Do you often find yourself straddling the line between being satirical and being hypocritical?
Oh, not even. I feel like I am fully in the hypocritical territory. I fully embrace myself as a hypocrite. The show is almost what it feels like to be that. I mean, of course, I’m getting up there and making fun of someone like Katy Perry manipulating their fans into liking them. And I’m manipulating my fans into liking me by making fun of it, you know? It’s a show that pretends like it’s undercutting spectacle by trying to pull off spectacle. You know, at the end of the day, my show is still trying to make you love me by the end, even if it’s like in a really subtle way. Where it’s like, “Ooh, I like him because he’s honest.” [Laughs] It’s all a mess.
But I do think that, like, this thing that I’m talking about, this stuff that I’m talking about can’t be commented on without being a little hypocritical. And I think that, like, there’s such a fear of being that. There’s such a fear of being a hypocrite nowadays that no one says anything because they think they can’t live up to it. It’s like you can’t call people sellouts anymore. It’s like, why the fuck can’t you call people sellouts? When did that expire?
The millennial generation that makes up a lot of your audience is often heavily criticized for being entitled, lazy and self-obsessed. Do you think those are valid criticisms?

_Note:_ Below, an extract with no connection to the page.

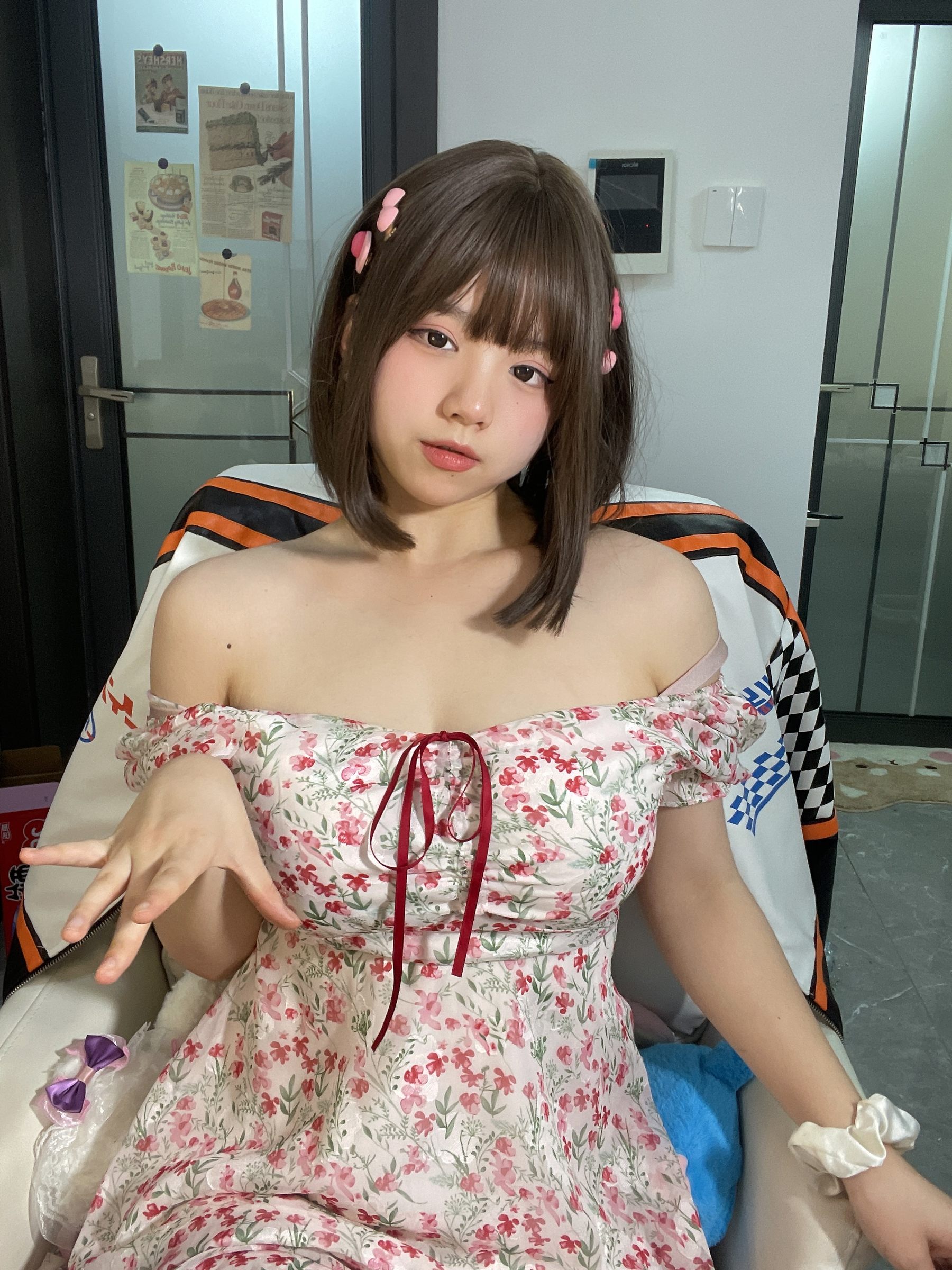 葱油饼 – 碎花裙 [18P]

… Sure? Like, I don’t think it’s a valid criticism, but I think it’s a valid observation now. But how the fuck do you think we got this way? Do you think it was from the parents who, like, shoved Pixy Stix and Coke down our throats, told us that we were the best ever and told us that we could do anything? They told us to go to college and follow our dreams and express ourselves, and then we all got out of there, and there were all of 12 jobs waiting for all of us. But I don’t put the blame on anyone else. I think that we need to own up to what’s happening and fix it, and I think people are.
Millennials are really difficult to talk about as a single generation, because I think we’re so fractured. There are kids working their fucking ass off. I’m just saying, like … I have a lot of friends that aren’t in my line of work, and they’re working their fucking asses off to make a life for themselves. I think everyone thinks [that] every millennial are the kids they pass in Williamsburg, you know?
The problem with blogging and thinkpieces is that they’re only written by bloggers or thinkpiecers. They’re kind of getting like an L.A., New York version of the generation. And as a member of the generation that lives in L.A., I will say that, like, we’re the worst! There are members of our generation out there, like, building houses and, like, in nursing school. Don’t judge us based off the kids you see in your local coffee shops on their laptops. You know, that’s not the whole generation.
Do you ever get concerned that you’re going to say something onstage that’s going to turn into a blog or a thinkpiece?
Oh, no, I don’t care. But I’m also not a comedian that’s like, “Yeah, fuck you, take a joke!” The truth is, comedians get up and ask the audience to listen to them talk for an hour, so like, I’m not angry that others have an impulse to be listened to, you know? Like, of course, I express myself, now you can go and express yourself; that’s completely fine. I can stick up for one of my bits. I’ve had kids that wrote me, being really angry that I used the word “faggot” in my show. You know? And I get it, and I’m not gonna be like, “Take a joke.” Like, I understand if you don’t like hearing that word. But, you know, I have an explanation for it. I don’t even use it; the show literally calls me that. It’s more just, like, what it truly feels like to live online.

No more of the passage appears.